Gah. From Cap Inside, via LOs Dos Professors, the special session madness just won’t go away.
Some state lawmakers want Governor Rick Perry to call a summer special session in hopes of heading off tuition hikes, budget cuts or property tax increases that they fear will be necessary as a result of his decision late last week to slash community college funding with his line-item veto authority.
The furor over Perry’s vetoes intensified Wednesday amid speculation that the governor was intentionally setting the stage for a special session in an attempt to force an overhaul in the way the state’s public colleges and universities are funded.
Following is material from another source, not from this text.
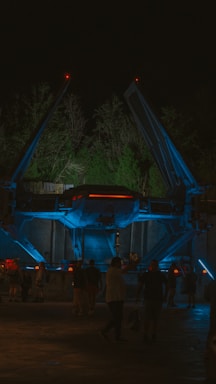 A futuristic spacecraft is displayed at night under atmospheric lighting with blue and red accents. The craft is surrounded by trees, and several people are walking around, suggesting an outdoor exhibition or theme park setting.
While higher education officials and their hometown lawmakers expressed disappointment, frustration and anger over the vetoed college funds, Perry is also catching increasing heat for vetoing an eminent domain bill that was designed to protect property rights, a school bus idling measure and a bill that would have increased retirement benefits for some legislative employees such as House and Senate clerks, cooks and parliamentarians including two who resigned during a revolt in the House on the session’s final weekend. The Republican governor vetoed 51 bills that had been approved during the regular session and $646 million in spending in two appropriations bills.
Perry has been upset about the methods that higher education officials have used to justify legislative appropriation requests – and he’s been unhappy with the Legislature’s resistance to his demands for more accountability and spending restraints on special items that he calls pork.
I don’t quite understand why anyone thinks Governor 39% will give lawmakers a second chance to pass legislation he’s already vetoed. I’m hard pressed to think of anything that’s less defining of Perry’s style than that. He may yet call a special (God, I hope not), but if he does, it’ll be on things he wants, like voter ID. Maybe if the Lege makes short work of his agenda in such a situation, he’d start lobbing them a few bones. But let’s keep in mind what the order of operations would be.
Please for Gods sake, not let the republicans reform ANYTHING else!
They have screwed up everything they have touched.
Governor 39% says the budget process is antiquated. Ok. Where is Perry’s proposal for a constitutional amendment to change how the Legislature works? Uh, that’s called LEADERSHIP, Rick.